Wednesday, April 19, 2006

One is the Loneliest Number

A week or so ago, David asked me, "Camille, which tomato is the saddest?" and I guessed wrong. It wasn't the tomato with the yellowed leaves or smallest leaves, it was the tomato with only one leaf. Poor Richard. He seems to have been afflicted with some debilitating tomato illness that has removed all folliage aside from one stout leaf. Strangely, this one leaf is enormous, and appears to be in perfect health.

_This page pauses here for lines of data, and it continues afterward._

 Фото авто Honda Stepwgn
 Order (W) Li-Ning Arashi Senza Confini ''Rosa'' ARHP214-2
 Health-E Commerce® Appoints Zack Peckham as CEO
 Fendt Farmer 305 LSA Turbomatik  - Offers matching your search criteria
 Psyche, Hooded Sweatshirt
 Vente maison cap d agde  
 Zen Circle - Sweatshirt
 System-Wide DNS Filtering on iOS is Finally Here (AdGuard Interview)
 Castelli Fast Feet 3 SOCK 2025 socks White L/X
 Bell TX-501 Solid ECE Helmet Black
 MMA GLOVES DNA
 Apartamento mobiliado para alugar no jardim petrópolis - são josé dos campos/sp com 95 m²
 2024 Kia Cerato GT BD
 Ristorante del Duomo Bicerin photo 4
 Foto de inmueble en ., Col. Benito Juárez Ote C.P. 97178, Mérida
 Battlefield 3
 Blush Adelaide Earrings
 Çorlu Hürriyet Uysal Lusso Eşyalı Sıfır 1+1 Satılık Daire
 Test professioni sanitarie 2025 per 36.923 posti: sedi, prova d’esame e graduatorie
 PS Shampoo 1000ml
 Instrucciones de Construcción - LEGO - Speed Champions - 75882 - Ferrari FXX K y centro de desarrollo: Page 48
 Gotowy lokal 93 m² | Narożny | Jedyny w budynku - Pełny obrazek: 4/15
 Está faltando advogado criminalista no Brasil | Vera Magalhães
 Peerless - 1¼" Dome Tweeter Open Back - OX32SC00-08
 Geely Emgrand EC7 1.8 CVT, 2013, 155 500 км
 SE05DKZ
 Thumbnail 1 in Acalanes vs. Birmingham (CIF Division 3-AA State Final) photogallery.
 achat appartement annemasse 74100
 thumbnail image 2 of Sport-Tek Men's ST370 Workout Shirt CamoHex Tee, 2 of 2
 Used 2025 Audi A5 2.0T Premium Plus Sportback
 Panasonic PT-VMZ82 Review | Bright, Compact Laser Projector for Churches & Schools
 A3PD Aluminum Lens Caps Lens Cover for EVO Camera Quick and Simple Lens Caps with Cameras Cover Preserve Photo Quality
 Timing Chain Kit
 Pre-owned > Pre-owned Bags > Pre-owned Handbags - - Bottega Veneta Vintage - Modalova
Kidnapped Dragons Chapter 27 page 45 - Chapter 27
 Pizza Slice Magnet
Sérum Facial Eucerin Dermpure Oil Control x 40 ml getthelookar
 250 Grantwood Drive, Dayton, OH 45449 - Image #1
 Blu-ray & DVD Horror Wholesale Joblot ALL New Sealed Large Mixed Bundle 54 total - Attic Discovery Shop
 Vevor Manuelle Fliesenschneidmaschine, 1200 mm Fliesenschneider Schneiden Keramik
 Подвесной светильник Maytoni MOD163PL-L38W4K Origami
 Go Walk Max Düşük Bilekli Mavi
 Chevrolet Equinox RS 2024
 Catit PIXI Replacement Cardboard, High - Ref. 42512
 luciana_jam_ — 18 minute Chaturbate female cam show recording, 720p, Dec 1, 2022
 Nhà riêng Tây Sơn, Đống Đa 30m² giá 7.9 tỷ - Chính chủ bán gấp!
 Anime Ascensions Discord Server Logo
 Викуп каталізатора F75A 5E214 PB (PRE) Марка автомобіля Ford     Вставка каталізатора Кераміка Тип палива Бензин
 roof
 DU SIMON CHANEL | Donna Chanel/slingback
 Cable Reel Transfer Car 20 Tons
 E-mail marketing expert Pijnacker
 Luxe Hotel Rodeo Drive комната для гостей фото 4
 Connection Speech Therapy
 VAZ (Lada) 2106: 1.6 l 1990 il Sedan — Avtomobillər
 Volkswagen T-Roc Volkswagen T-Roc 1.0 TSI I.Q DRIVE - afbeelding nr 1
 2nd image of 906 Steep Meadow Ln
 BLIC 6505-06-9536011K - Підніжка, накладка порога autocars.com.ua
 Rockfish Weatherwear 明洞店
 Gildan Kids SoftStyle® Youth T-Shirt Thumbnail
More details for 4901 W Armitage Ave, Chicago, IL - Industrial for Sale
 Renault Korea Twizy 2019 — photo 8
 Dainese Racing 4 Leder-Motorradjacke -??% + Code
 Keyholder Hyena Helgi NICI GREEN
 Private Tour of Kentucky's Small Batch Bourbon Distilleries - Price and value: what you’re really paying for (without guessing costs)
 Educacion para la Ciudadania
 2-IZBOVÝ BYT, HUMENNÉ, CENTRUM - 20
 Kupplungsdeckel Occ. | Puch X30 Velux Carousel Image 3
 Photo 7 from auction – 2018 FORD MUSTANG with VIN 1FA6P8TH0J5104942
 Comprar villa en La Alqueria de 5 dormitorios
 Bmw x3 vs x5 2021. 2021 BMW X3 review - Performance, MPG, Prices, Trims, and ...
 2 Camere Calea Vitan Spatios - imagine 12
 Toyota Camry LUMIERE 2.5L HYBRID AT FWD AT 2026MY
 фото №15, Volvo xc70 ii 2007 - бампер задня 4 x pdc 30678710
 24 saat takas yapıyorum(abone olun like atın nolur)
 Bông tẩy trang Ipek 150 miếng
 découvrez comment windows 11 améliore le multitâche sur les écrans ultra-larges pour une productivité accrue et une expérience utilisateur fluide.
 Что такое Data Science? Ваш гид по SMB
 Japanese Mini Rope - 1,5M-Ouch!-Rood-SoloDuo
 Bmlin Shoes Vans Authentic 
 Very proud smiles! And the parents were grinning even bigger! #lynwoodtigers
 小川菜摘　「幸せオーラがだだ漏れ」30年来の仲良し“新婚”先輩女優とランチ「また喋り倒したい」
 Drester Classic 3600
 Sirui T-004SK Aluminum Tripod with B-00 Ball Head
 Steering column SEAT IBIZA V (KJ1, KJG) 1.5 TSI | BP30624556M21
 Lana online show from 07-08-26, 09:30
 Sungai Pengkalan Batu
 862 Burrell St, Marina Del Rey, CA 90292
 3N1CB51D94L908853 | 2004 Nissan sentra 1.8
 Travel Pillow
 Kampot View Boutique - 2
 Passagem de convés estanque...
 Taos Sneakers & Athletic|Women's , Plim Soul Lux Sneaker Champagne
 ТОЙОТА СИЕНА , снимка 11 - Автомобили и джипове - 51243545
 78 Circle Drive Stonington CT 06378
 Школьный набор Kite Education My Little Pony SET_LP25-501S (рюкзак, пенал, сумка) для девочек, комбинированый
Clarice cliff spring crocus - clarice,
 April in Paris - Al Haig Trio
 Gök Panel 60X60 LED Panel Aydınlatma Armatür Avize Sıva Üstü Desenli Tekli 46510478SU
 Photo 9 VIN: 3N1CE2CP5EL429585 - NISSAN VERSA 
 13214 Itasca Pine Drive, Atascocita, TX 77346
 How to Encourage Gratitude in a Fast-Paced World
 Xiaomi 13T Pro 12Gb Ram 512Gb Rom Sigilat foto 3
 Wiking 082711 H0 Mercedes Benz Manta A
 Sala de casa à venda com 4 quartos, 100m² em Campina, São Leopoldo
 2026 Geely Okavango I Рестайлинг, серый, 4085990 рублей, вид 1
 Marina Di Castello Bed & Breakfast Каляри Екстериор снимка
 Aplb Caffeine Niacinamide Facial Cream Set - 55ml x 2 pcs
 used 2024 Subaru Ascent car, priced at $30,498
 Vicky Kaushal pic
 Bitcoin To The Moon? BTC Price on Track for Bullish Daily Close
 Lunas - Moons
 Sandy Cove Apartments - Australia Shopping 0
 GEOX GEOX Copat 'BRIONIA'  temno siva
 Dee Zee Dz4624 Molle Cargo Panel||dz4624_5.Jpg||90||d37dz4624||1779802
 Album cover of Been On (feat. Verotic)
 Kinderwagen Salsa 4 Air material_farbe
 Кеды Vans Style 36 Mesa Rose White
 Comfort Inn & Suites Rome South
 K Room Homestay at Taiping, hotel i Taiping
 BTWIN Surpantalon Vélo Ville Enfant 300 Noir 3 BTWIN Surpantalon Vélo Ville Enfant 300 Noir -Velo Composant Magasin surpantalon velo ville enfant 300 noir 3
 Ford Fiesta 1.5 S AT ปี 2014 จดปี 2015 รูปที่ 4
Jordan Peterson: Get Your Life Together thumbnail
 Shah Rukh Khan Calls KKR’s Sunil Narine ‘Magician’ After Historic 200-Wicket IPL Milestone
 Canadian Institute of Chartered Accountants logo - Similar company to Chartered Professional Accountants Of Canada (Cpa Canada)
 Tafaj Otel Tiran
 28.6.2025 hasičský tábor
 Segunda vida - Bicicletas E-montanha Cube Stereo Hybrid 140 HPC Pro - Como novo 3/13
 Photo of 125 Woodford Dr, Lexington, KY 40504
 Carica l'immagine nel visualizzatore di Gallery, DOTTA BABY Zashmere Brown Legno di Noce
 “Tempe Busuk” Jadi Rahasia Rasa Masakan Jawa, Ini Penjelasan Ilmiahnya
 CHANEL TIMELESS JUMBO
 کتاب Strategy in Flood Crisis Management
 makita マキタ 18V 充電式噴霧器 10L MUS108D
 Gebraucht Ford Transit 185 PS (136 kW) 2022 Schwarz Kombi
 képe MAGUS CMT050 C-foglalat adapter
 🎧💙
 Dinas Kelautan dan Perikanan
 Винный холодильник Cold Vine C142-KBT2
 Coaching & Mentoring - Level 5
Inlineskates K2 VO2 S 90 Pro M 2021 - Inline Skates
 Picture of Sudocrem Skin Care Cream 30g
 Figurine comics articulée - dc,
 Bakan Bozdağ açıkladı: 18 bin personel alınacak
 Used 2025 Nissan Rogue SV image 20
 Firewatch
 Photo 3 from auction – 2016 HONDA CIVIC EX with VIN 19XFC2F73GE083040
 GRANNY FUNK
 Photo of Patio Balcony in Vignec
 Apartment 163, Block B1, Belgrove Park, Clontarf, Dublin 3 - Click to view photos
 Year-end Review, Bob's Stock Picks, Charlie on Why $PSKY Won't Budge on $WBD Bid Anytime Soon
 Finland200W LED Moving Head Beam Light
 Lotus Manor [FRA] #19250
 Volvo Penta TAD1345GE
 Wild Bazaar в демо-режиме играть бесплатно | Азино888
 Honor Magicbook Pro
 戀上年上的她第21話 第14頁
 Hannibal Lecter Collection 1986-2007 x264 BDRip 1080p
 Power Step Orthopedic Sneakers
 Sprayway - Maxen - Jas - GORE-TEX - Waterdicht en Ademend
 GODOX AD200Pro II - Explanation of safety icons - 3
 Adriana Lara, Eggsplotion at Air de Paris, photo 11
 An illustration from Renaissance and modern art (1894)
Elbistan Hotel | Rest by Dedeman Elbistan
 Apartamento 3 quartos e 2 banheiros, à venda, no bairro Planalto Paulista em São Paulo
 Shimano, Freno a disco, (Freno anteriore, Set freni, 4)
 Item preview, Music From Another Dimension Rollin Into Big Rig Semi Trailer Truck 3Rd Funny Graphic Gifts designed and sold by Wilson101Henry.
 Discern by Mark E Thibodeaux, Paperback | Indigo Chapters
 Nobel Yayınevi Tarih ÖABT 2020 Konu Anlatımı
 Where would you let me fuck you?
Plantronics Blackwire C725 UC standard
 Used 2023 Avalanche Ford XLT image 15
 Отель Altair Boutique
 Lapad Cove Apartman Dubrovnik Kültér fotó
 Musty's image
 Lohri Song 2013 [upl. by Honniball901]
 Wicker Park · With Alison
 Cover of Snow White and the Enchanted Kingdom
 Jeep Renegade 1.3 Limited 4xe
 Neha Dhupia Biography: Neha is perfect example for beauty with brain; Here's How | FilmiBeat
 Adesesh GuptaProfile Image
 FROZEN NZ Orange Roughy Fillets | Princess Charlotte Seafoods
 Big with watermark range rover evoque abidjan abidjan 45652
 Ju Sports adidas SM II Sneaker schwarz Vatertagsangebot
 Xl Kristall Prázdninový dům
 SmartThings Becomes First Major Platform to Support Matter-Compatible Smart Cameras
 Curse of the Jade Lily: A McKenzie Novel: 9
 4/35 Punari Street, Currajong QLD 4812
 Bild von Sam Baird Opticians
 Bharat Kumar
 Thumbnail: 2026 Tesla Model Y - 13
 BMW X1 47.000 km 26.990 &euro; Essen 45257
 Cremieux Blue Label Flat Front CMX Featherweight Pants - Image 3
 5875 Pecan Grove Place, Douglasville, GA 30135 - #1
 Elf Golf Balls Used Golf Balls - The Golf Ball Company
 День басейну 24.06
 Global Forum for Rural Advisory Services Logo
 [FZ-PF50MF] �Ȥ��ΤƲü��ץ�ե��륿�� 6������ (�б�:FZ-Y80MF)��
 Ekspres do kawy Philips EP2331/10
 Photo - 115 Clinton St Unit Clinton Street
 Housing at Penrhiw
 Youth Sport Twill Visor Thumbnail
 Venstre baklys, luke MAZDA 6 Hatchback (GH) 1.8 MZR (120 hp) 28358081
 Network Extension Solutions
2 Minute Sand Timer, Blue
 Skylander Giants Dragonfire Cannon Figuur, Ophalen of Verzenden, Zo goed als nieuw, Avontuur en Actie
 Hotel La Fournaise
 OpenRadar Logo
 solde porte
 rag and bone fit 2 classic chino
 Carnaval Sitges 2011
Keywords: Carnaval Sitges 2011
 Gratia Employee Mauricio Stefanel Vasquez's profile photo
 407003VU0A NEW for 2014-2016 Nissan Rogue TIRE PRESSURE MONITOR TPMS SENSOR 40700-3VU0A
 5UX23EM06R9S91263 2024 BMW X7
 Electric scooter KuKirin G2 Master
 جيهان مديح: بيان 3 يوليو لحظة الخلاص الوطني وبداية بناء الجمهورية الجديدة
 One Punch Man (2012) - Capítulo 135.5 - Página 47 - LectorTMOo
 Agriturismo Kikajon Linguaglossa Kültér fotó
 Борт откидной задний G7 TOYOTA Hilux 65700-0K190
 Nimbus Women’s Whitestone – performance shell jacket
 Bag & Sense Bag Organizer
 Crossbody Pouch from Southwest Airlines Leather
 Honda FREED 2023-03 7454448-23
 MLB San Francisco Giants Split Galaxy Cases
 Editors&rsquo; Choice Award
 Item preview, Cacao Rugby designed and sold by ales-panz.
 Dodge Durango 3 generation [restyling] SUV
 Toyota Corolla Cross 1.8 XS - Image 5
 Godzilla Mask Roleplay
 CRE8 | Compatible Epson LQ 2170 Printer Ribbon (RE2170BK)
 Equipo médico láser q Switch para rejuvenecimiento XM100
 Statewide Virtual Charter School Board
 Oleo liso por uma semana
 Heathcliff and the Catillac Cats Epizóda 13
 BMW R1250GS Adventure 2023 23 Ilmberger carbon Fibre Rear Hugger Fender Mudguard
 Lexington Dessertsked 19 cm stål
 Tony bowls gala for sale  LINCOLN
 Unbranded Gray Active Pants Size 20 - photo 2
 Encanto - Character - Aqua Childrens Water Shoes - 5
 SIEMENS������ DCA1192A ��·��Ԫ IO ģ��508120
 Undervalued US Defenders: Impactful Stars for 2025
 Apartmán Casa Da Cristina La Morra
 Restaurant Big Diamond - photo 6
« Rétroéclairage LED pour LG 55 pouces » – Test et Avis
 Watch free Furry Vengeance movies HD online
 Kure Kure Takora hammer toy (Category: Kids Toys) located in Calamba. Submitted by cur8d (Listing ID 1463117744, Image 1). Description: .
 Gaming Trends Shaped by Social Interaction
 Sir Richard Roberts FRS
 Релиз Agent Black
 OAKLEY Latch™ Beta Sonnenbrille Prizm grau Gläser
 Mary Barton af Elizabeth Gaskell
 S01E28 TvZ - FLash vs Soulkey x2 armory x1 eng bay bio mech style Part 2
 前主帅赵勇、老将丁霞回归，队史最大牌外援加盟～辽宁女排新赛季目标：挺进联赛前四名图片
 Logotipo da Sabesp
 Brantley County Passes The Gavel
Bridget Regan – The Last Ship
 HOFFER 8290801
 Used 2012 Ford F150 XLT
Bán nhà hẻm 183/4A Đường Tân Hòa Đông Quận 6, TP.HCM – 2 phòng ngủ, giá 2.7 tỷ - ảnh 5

In an attempt to right all wrongs in the world, we have repotted Richard in a claypot-home of his very own, and set him dead, smack in the middle of our strongest flourescent growlight. He has been fortified, watered, and verbally encouraged. We have not revealed that there are seventy-nine tomato plants just like him (only far larger and in significantly better health), or that he's only a tomato plant, and really, what does it matter if he dies anyhow? or that "Richard" is a terrible name in the first place.

Our hopes are low.

Scientifically speaking, there really is no way he will a) develop any more leaves or b) develop fruit because he has no joints. There's no place for him to start growing another branch. With (ahem) normal tomato plants, the new branches the start growing between an original branch and the main stem are called "suckers." When we want to inhibit "sprawling" branches and force the plants to bear fruit, we snap off these sucker. Because poor Richard has only one leaf growing from one stem, there's nowhere for him to grow new branches. The only future we see for him is to grow taller and sturdier -- but he will remain impotent with one leaf.